A neuroma is a painful swelling of a nerve in the ball of the foot. Symptoms include sporadic pain; burning, tingling or numbness of one or more toes. Pain is often soothed by removing the shoe or by massaging the area.
In the foot, there are the long bones (metatarsals) and thin nerves running between them. The nerves split in a Y-shape when extend into the toes. The nerve can be pinched between the metatarsals and the overlying ligament, causing it to enlarge. As it gets bigger, it is more likely to get pinched, and thus begins a cycle of pain. At some pout with chronic irritation, the nerve becomes abnormal. Morton’s Neuroma is the most common of this type and often affects the nerve between the third and fourth toes. Neuromas may also occur after a nerve has been injured, either from a traumatic wound or from damage suffered during surgery.
A physical examination and one or more imaging tests will determine whether the pain is caused by a neuroma or by a condition with similar symptoms such as arthritis, stress fractures, or capsulitis of the adjacent joint. Treatment begins with a combination of metatarsal pads or cortisone injection. If the nerve is permanently damaged, the patient may decide to have the nerve surgically removed.
Hallux rigidus, meaning “stiff big toe,” is a type of degenerative arthritis affecting the joint located at the bottom of the big toe (the metatarsophalangeal joint). This condition causes the joint to stiffen and become painful, eventually making it difficult to walk, stand up, bend, squat or run. Hallux rigidus may occur as a result of structural abnormalities, heredity, traumatic injury, or underlying disease conditions, such as rheumatoid arthritis or gout.
As the arthritis progresses, bone spurs form along the top of the big toe joint. These spurs then limit bending of the toe while walking. Without about 30-40 degrees of motion, one then rolls to the side of the foot while walking. Pain Hallux rigidus is diagnosed through the taking of a medical history, physical examination and X-rays.
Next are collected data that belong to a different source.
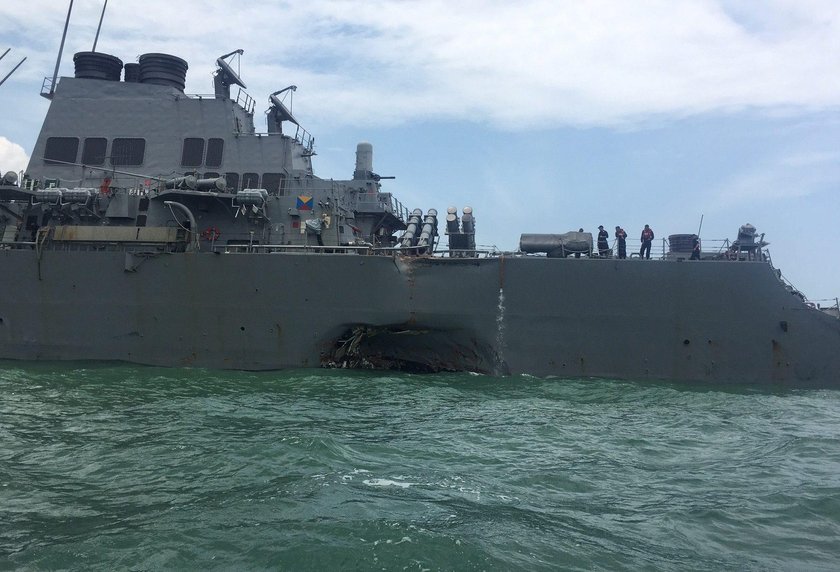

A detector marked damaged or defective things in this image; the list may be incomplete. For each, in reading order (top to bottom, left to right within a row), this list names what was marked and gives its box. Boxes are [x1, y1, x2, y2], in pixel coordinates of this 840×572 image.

damaged warship [1, 48, 840, 388]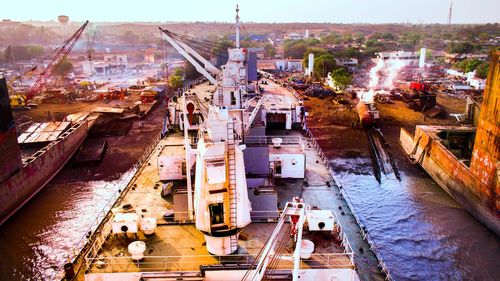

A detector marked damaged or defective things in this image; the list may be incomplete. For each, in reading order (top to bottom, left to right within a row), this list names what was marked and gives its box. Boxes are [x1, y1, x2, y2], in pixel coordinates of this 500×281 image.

rusty barge [0, 75, 89, 224]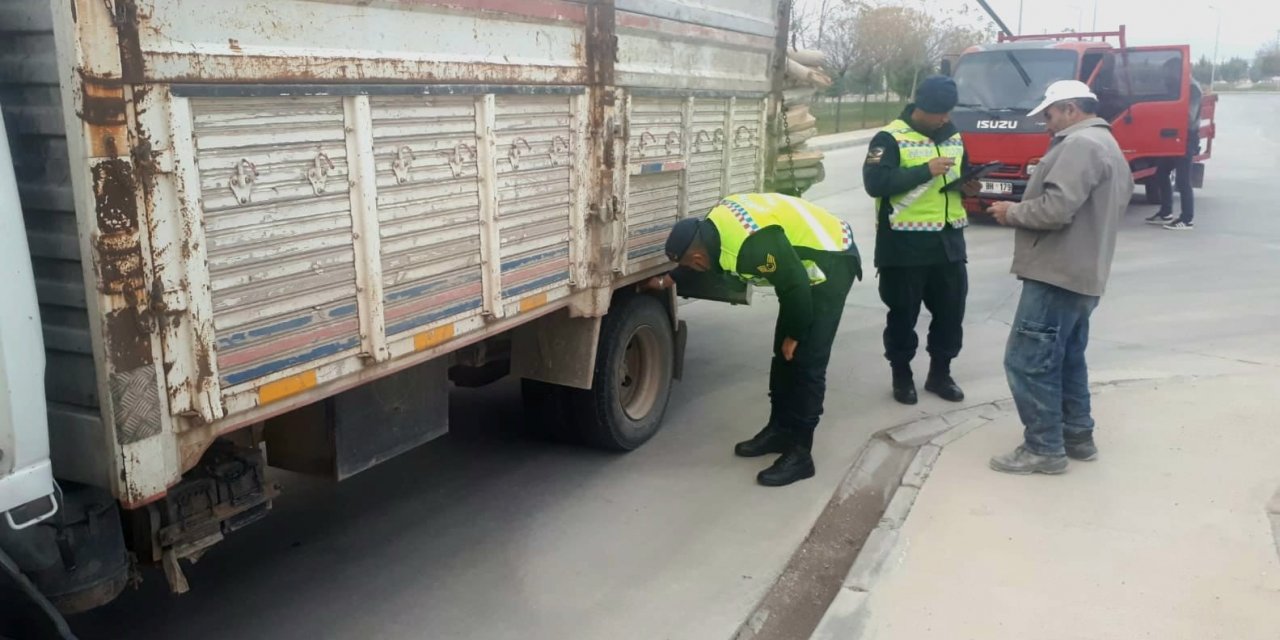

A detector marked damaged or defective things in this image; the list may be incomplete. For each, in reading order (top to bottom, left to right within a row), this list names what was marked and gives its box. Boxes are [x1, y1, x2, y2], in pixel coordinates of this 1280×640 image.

rusty cargo body [0, 0, 784, 612]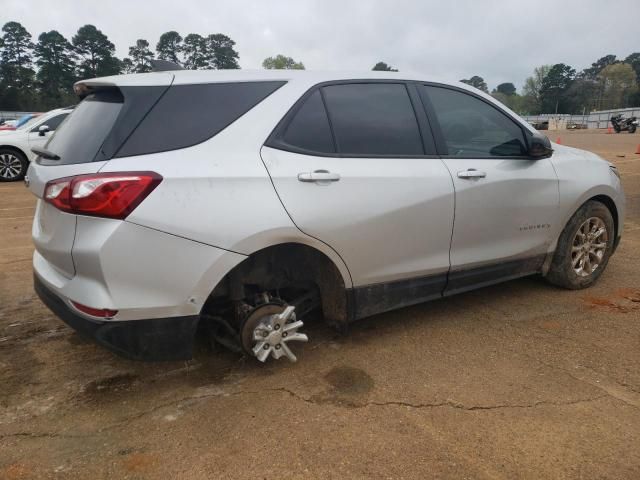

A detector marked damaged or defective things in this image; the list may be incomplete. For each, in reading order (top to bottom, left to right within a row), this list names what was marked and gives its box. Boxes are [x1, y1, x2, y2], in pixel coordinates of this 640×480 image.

exposed wheel hub [241, 304, 308, 360]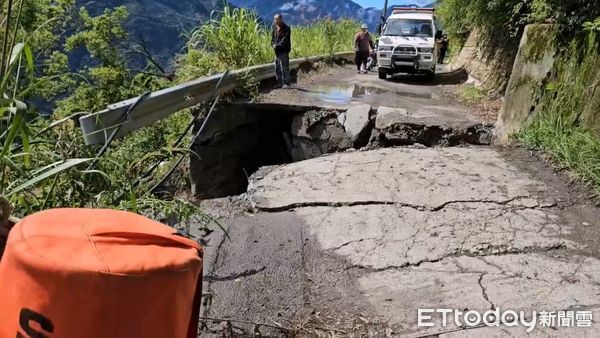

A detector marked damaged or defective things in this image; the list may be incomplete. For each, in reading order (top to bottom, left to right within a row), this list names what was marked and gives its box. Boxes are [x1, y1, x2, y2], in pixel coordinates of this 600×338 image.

bent guardrail [77, 51, 354, 145]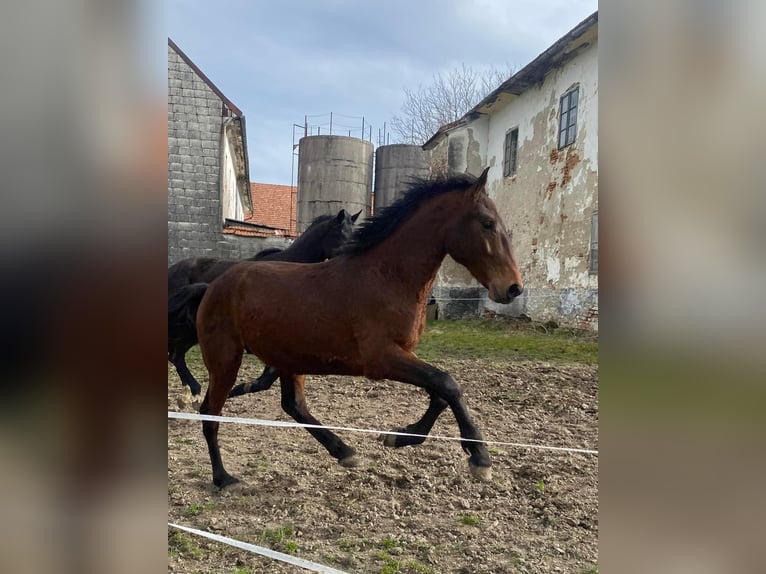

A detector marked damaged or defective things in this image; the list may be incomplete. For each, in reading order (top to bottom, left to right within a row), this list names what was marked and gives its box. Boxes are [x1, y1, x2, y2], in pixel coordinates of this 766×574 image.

peeling plaster wall [432, 39, 600, 328]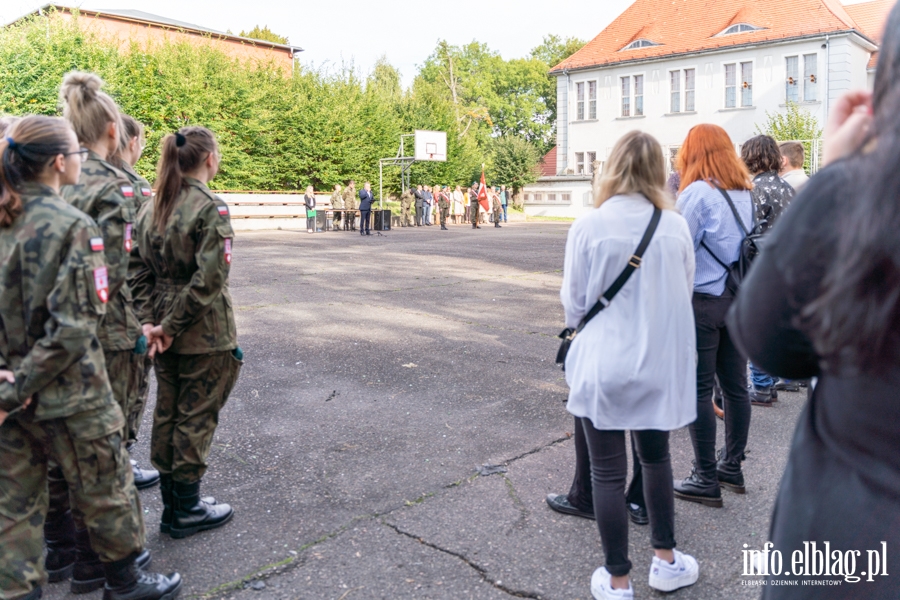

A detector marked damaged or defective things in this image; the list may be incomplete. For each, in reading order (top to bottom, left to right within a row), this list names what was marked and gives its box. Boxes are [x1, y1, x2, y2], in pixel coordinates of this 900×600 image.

cracked pavement [40, 224, 796, 600]
pavement crack line [380, 520, 540, 600]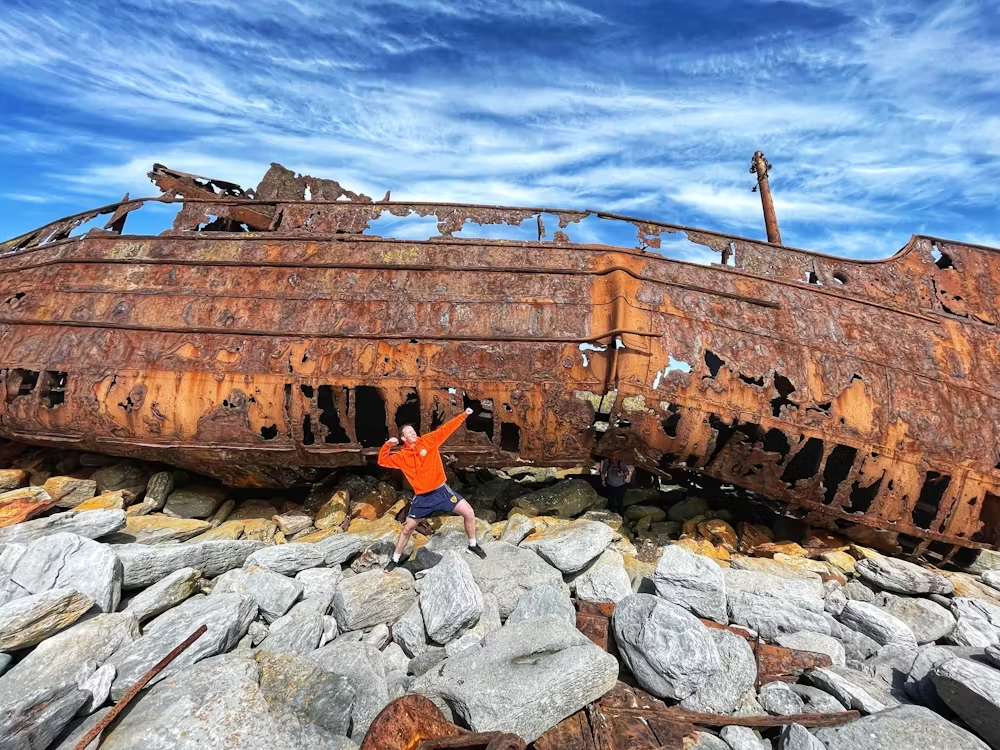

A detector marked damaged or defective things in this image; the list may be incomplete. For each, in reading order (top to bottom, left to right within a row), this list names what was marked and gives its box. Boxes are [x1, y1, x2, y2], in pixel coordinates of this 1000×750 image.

rusted iron bar [752, 151, 780, 245]
rusty metal hull [1, 163, 1000, 552]
peeling paint on hull [1, 162, 1000, 556]
rusted ship hull [1, 164, 1000, 556]
rusted iron bar [72, 624, 207, 750]
rusty metal rod [74, 624, 209, 750]
rusted iron bar [592, 708, 860, 732]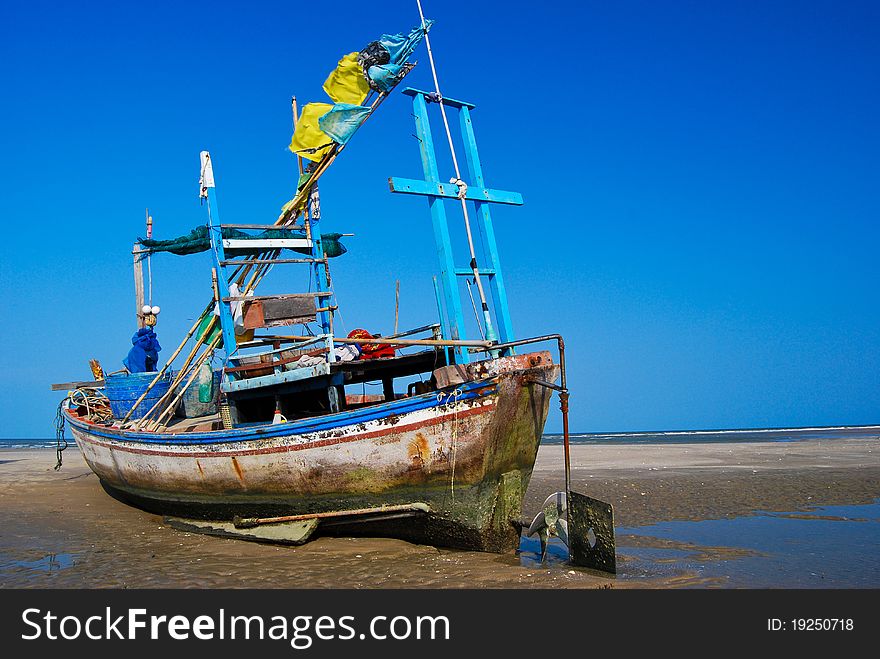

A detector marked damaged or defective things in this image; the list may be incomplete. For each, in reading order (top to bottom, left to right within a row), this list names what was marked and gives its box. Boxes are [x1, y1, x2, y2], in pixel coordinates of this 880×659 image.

rusty boat hull [63, 356, 556, 552]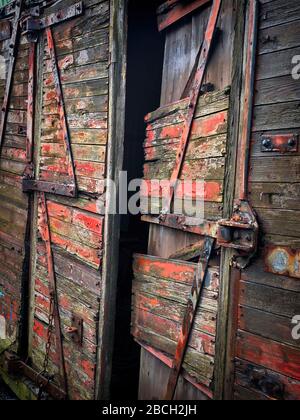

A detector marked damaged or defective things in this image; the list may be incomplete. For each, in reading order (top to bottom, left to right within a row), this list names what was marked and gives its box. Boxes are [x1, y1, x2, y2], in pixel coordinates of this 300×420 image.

rusty metal bracket [20, 1, 83, 38]
rusty metal bracket [260, 134, 298, 153]
rusty metal bracket [66, 316, 83, 344]
rusty metal bracket [164, 236, 216, 400]
rusty metal bracket [3, 352, 67, 400]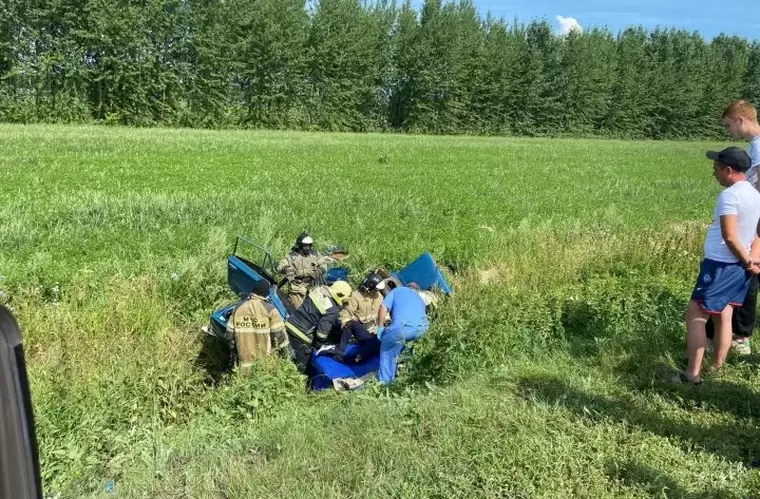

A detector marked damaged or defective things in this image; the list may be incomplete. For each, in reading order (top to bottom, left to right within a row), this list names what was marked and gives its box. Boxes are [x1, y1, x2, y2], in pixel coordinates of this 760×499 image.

crumpled vehicle [203, 237, 452, 390]
crashed blue car [205, 237, 452, 390]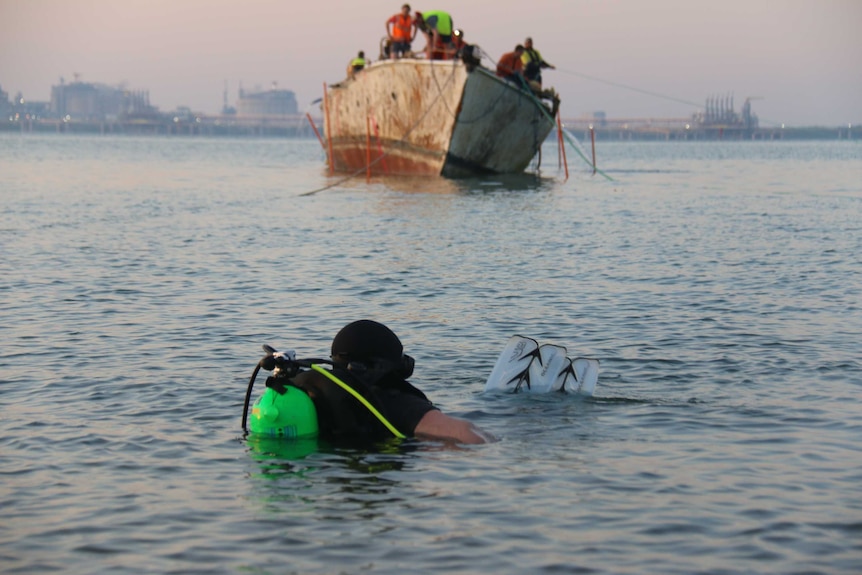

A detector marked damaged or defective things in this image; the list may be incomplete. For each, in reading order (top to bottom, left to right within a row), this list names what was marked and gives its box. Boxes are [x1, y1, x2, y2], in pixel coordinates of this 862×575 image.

peeling paint on hull [326, 60, 560, 178]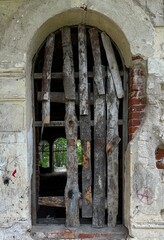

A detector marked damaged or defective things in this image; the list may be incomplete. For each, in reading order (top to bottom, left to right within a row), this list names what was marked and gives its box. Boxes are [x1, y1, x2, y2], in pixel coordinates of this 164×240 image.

splintered wood [61, 27, 79, 228]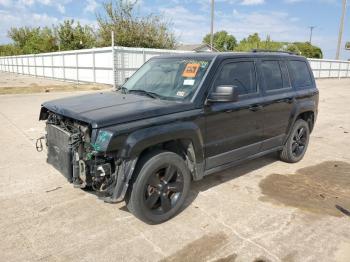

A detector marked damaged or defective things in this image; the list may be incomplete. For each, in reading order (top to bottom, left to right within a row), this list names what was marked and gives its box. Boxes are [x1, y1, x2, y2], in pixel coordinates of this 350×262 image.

damaged front end [39, 108, 135, 203]
crumpled hood [41, 91, 194, 128]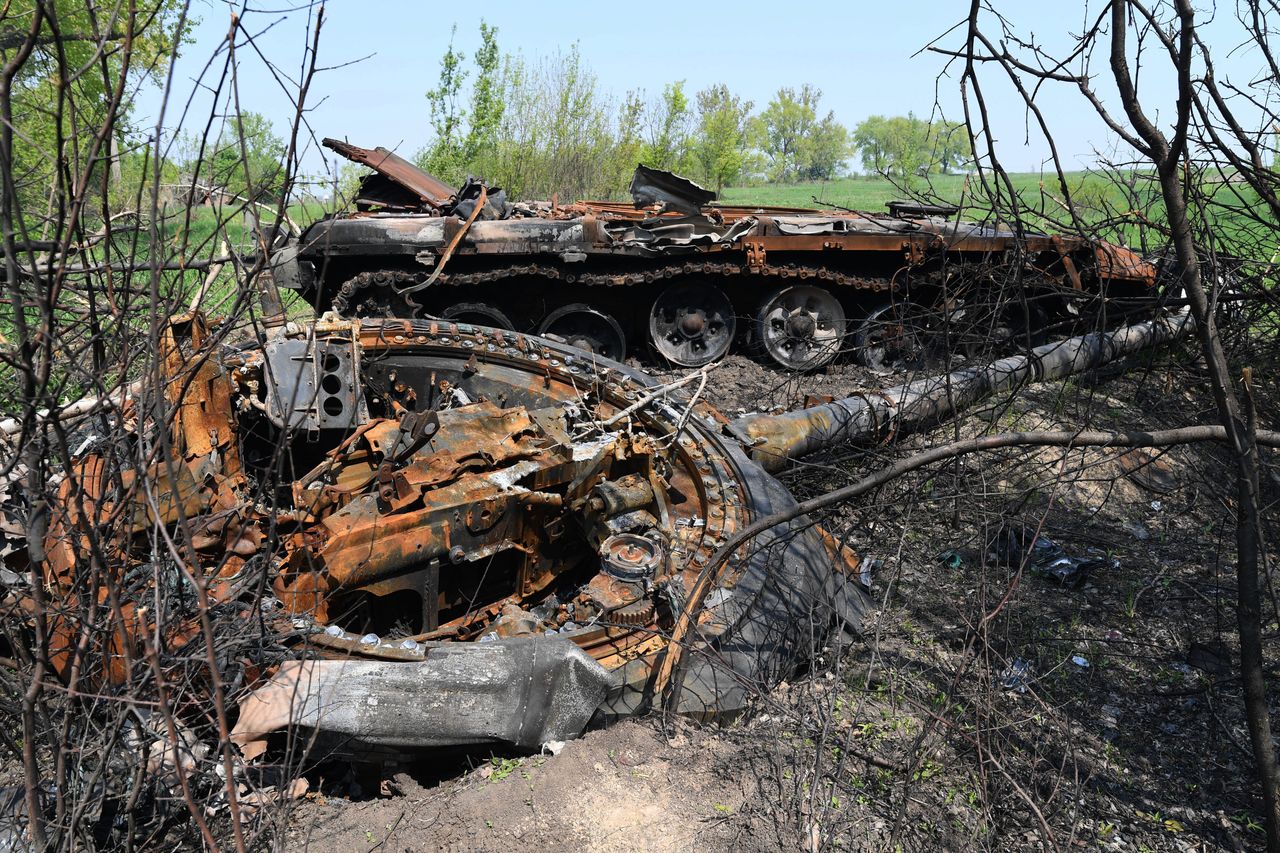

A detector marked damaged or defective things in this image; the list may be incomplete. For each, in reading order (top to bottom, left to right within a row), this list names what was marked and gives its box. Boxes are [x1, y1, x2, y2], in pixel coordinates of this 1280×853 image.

rusted wreckage [270, 138, 1160, 368]
burned metal [276, 137, 1168, 370]
burned metal [20, 310, 876, 764]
There are several treatment options for hallux rigidus, depending on the severity of the condition and the patient’s mobility issues. Nonsurgical treatments include:
- Avoiding activities that cause pain, such as running
- Wearing shoes with a rocker sole
- Wearing orthotics with firm extension under the big toe joint
- There are a few surgical procedures that may be performed to relieve hallux rigidus, depending on individual circumstances. These include:
- Cheilectomy: removing the bone spurs
- Cheilectomy and phalangeal osteotomy(Moberg): removing the bone spurs, as well as a bone cut of the toe bone to increase motion
- Capsular Arthroplasty: implanting one’s own tissue in the joint
- Arthrodesis: joint fusion
The goal with surgery is to preserve the joint as much as possible, decrease pain, and increase motion. Most often, the recommendation is cheilectomy.